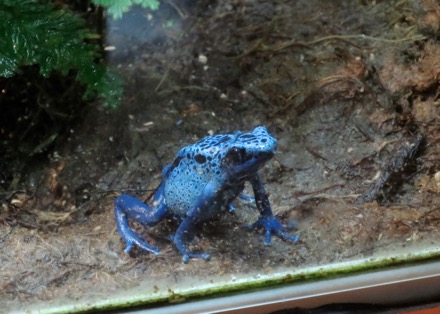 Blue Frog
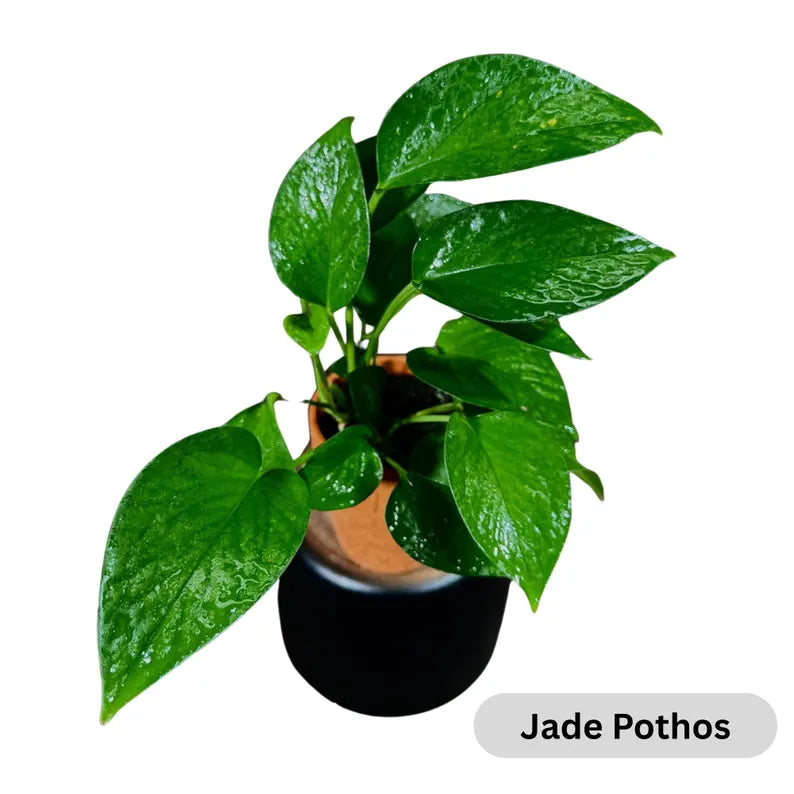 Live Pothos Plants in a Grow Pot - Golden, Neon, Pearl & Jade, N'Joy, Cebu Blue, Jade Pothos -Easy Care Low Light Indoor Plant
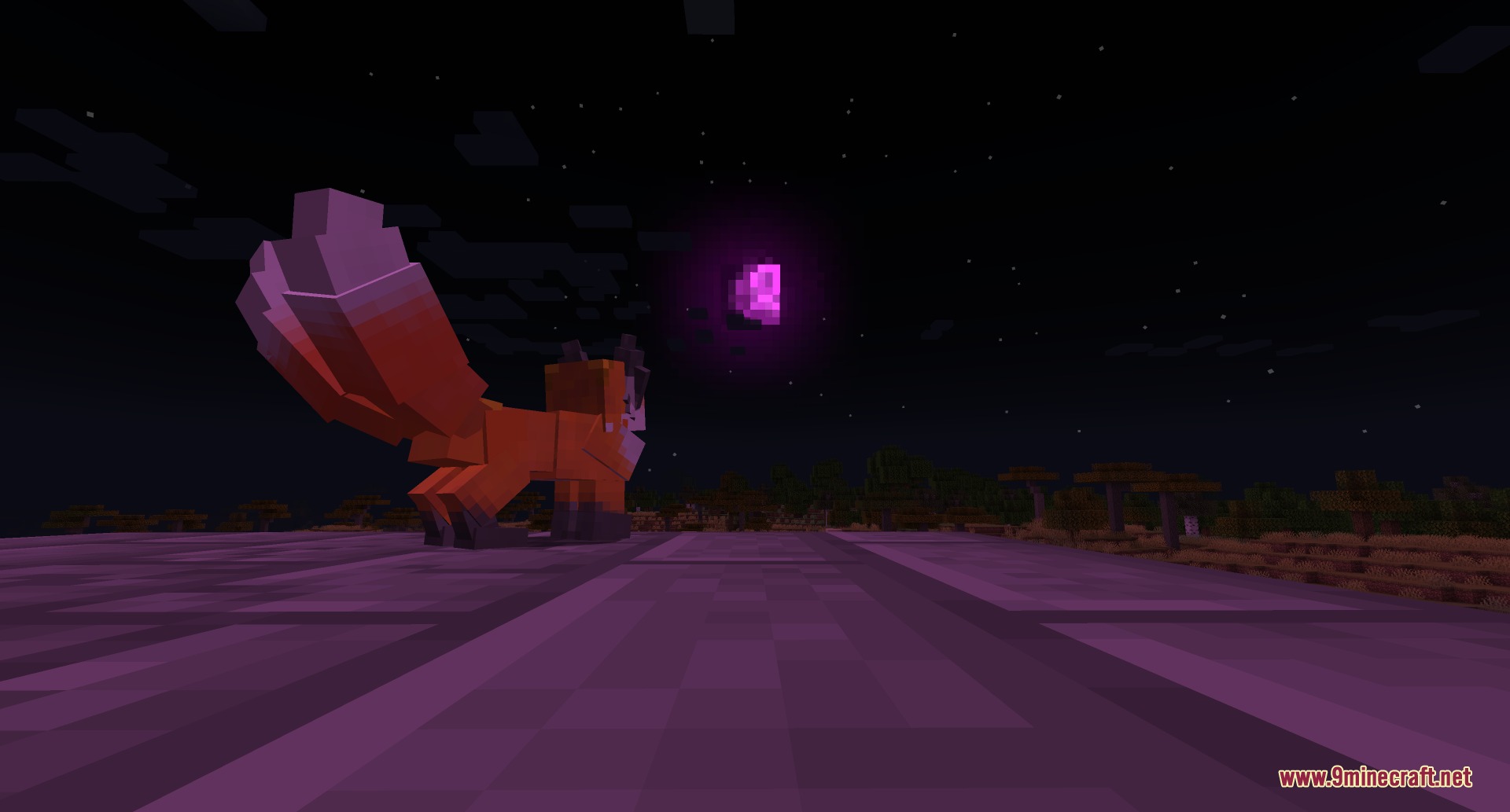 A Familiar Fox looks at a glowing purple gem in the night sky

> [Exercise prompt]:
The answer must be the full listing, word for word, with no images in it.

> [Response]:
 Blue Frog
 Live Pothos Plants in a Grow Pot - Golden, Neon, Pearl & Jade, N'Joy, Cebu Blue, Jade Pothos -Easy Care Low Light Indoor Plant
 A Familiar Fox looks at a glowing purple gem in the night sky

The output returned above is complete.